Alfine e al fine
Alcune osservazioni orto-sintattico-grammaticali ignorate o quasi dai testi di lingua italiana.
L'avverbio alfine si scrive in grafia univerbata (tutta una parola) quando sta per infine, finalmente e simili: il tanto sospirato giorno alfine arrivò; in grafia rigorosamente scissa allorché vale allo scopo di...: i gentili clienti sono pregati di rispettare il proprio turno al fine di evitare un cortese rifiuto.
Prendere atto
Questa locuzione verbale si costruisce con la preposizione di, non con la congiunzione che. Si prende atto di qualcosa: prendo atto della tua buona fede.
Quando — per motivi fono-sintattico-grammaticali — non è possibile adoperare la preposizione di si ricorre all'espressione prendere atto del fatto che: prendo atto del fatto che hai sbagliato (non prendo atto che hai sbagliato).
Lo stesso discorso per quanto attiene all'espressione dare atto. Per onestà dobbiamo dire, però, che i così detti linguisti d'assalto ci smentiscono.

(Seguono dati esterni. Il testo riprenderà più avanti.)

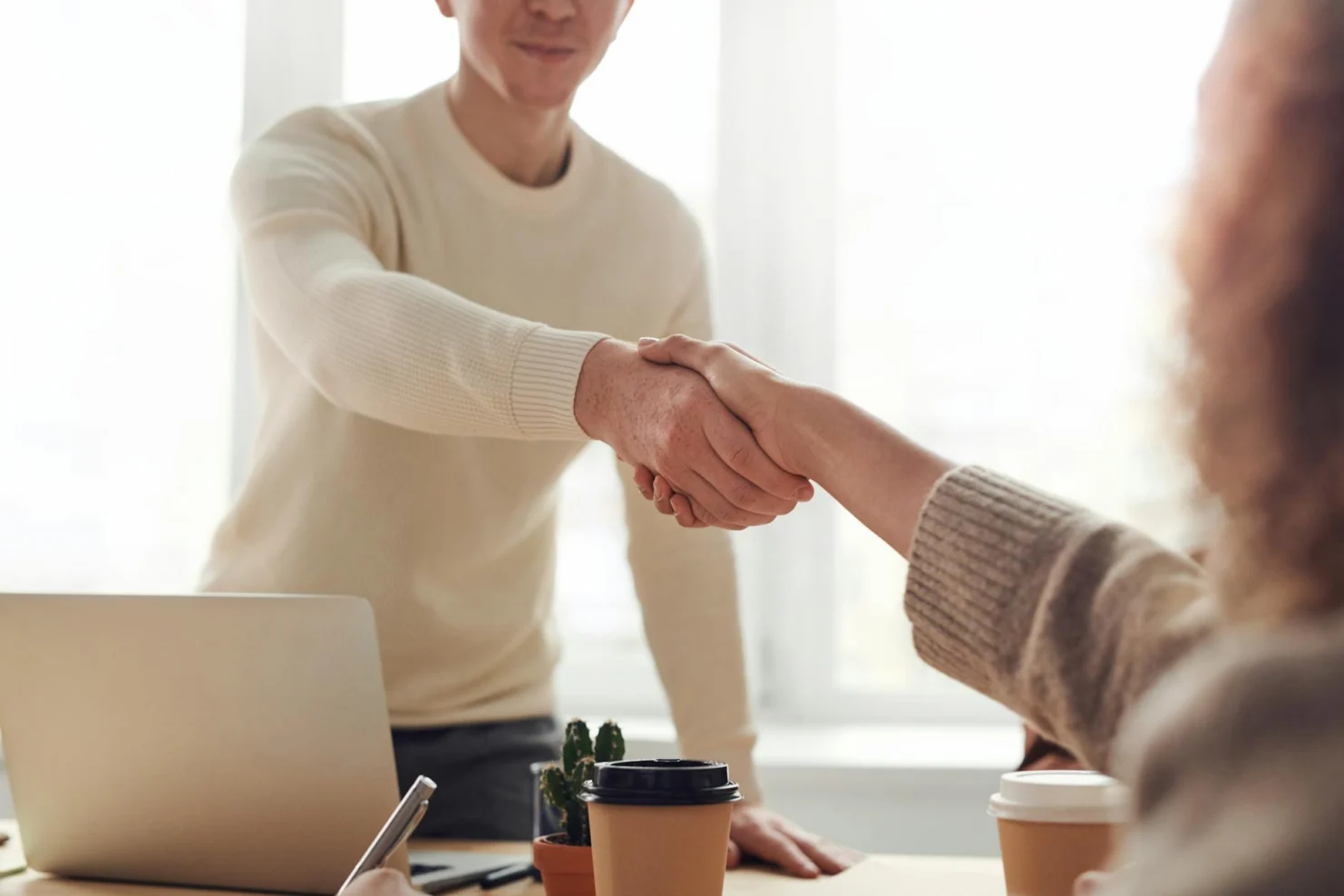 Poignée de main entre un recruteur et un candidat lors d’un entretien d’embauche.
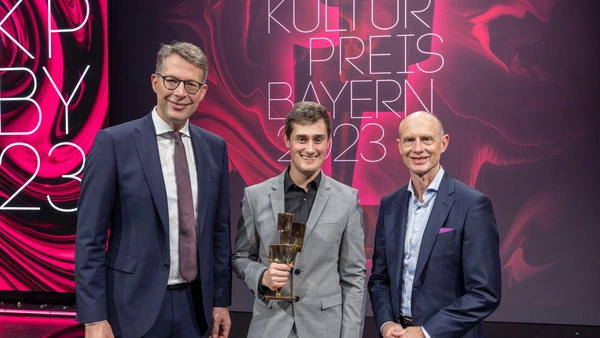 Strahlender Gewinner: Christian Fischer (Mitte) freut sich über den Kulturpreis Bayern (Foto: Bayernwerk).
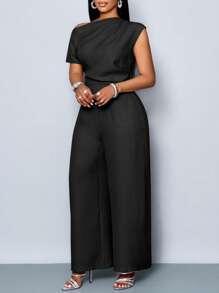 SOLERSUN 大码女装四季女装通勤优雅日常旅行休闲简约纯色露肩不对称领口肩部褶皱短袖阔腿连体裤 - 黑色 - 查看 2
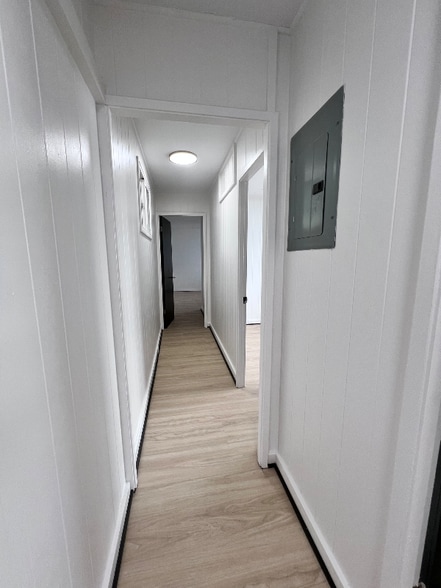 Building Photo - 3238 Duval St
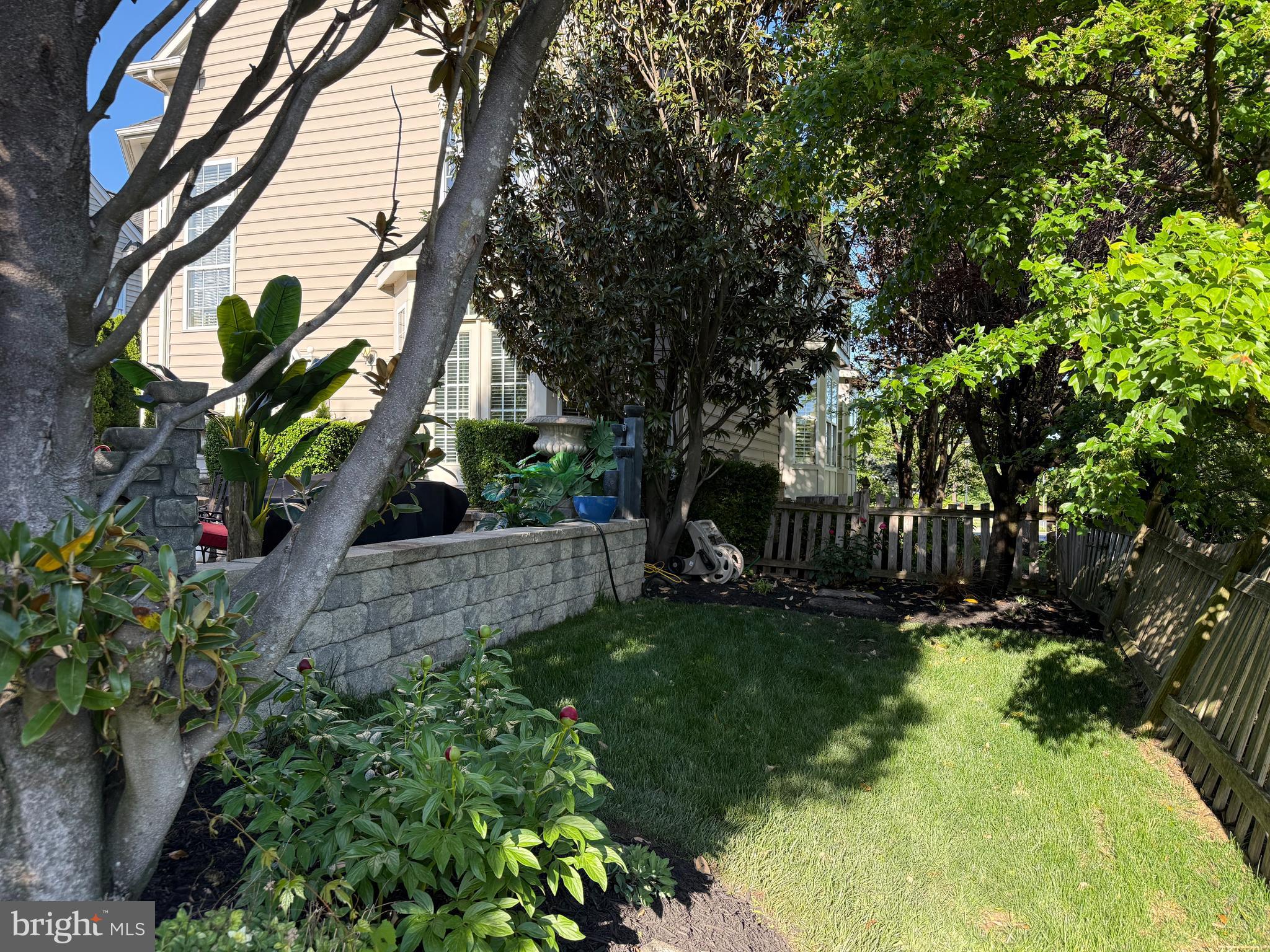 22833 HIGHCREST CIRCLE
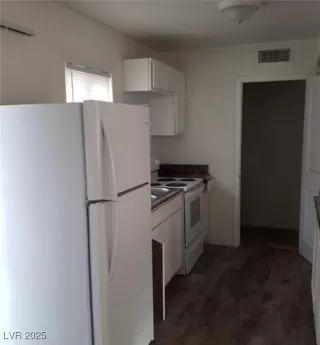 Photo #2: 2669474 Listing 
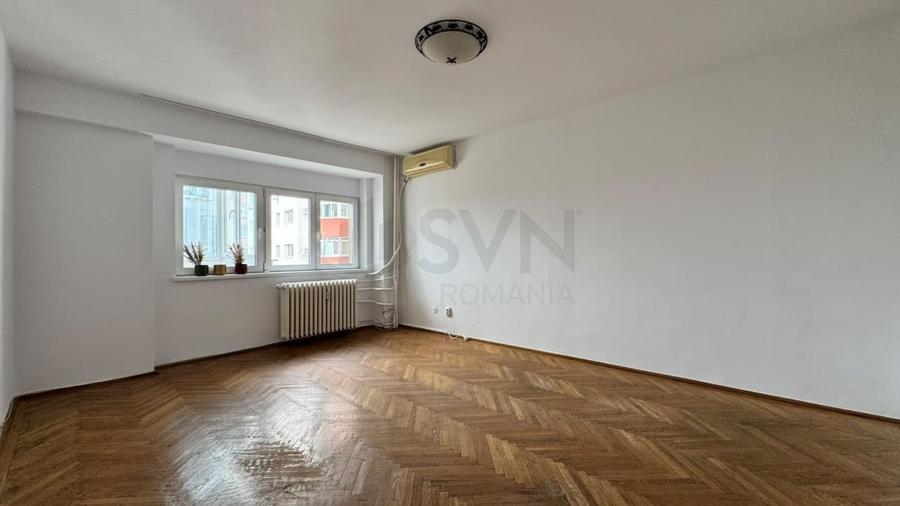 Apartament cu 4 camere decomandat în 1 Mai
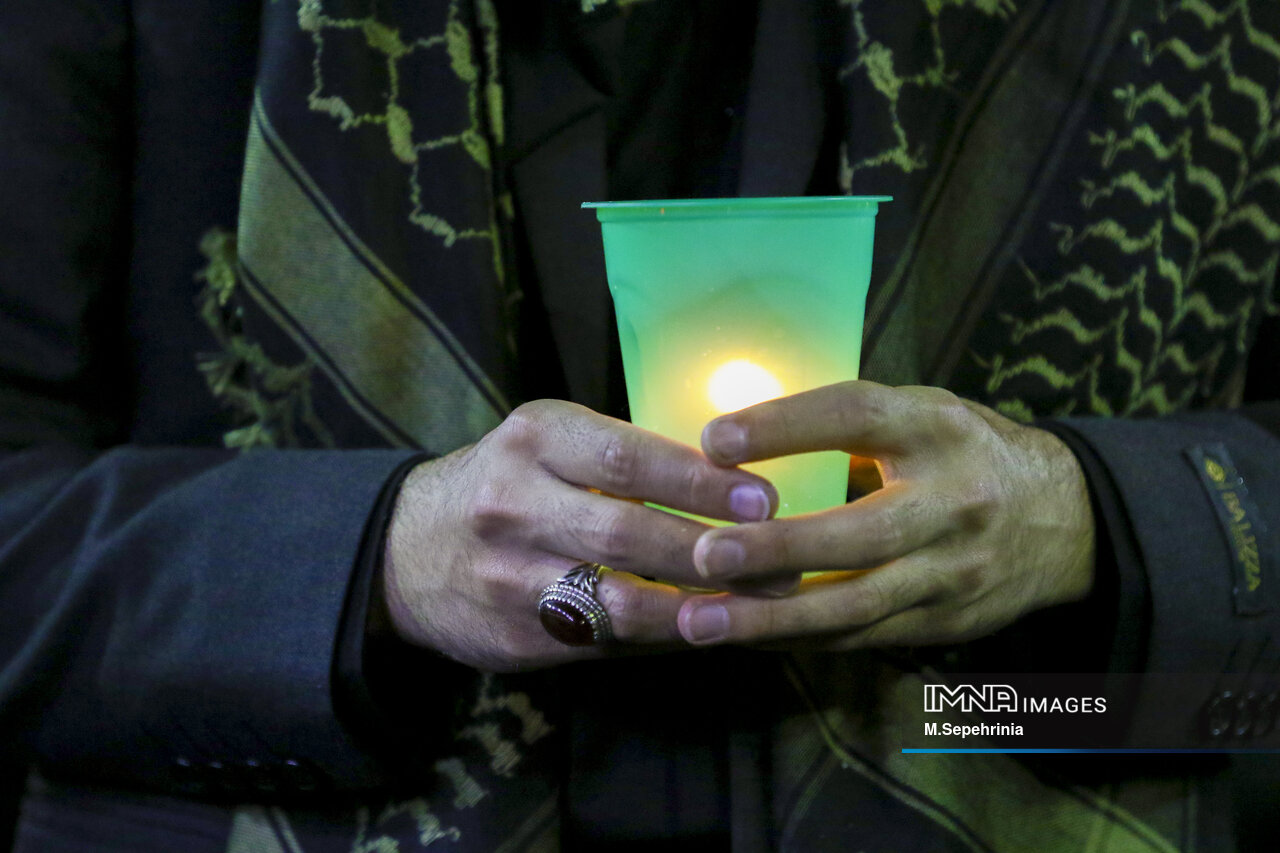 نگاهی به آیینهای مختلف عزاداری در حرم امام رضا(ع)/ یک ایران در سوگ عالم آلمحمد(ص)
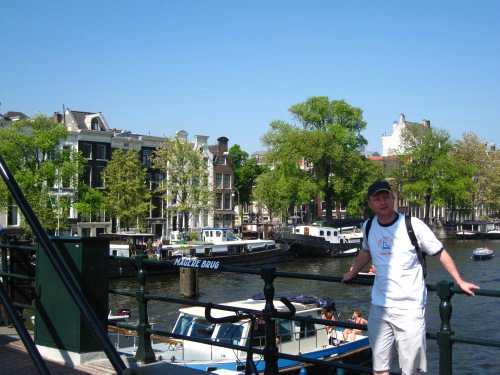 Steppen in Amsterdam  voor het goede doel met pasen 2011.JPG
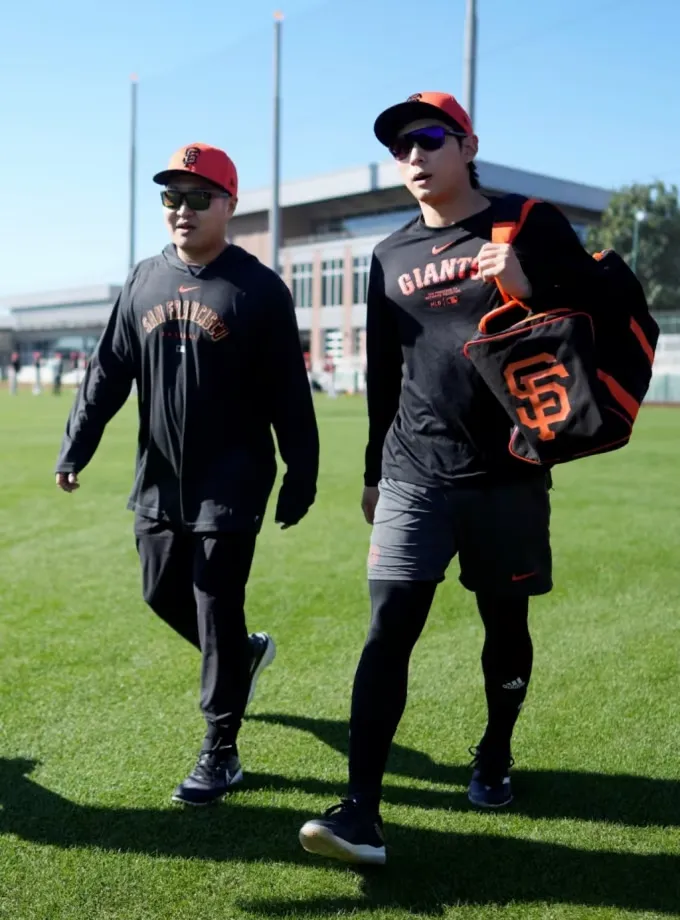 이정후(오른쪽)와 통역 한동희씨. 샌프란시스코 자이언츠 제공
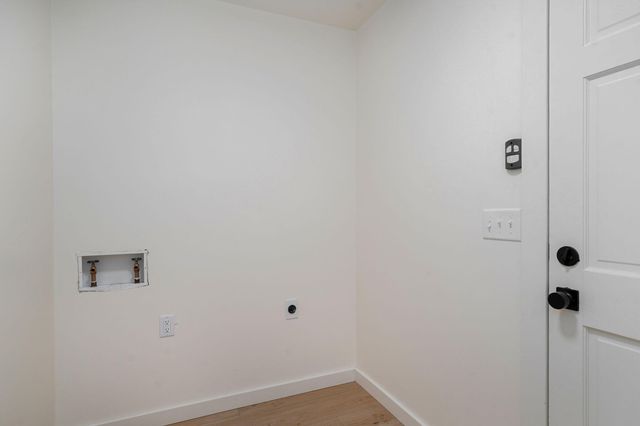 2944 S Josselin Place, Springfield, MO 65804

Ma tant'è.
Prendere il proprio trentuno (e andar via)
Gli amici toscani conosceranno il modo di dire suddetto, per la verità non molto fine e particolarmente adoperato, appunto, in quella regione.
La locuzione, dunque, si riferisce a colui che, avendo capito di non essere gradito, abbandona un luogo senza tante cerimonie né saluti.
L'espressione, molto colorita, ha una duplice origine. Alcuni autori la fanno derivare dal trentuno inteso come ultimo giorno del mese: avrebbe, così, il senso di prendere la paga e dimissionarsi.
Per altri, invece, il modo di dire deriverebbe — e secondo noi è la versione più veritiera — dall'antico termine francese "trentain" con il quale si indicava uno speciale tessuto — molto fitto — adoperato per farne abiti da sera.
La persona non gradita, quindi, prende il trentuno (potremmo dire il soprabito) e se ne va senza salutare.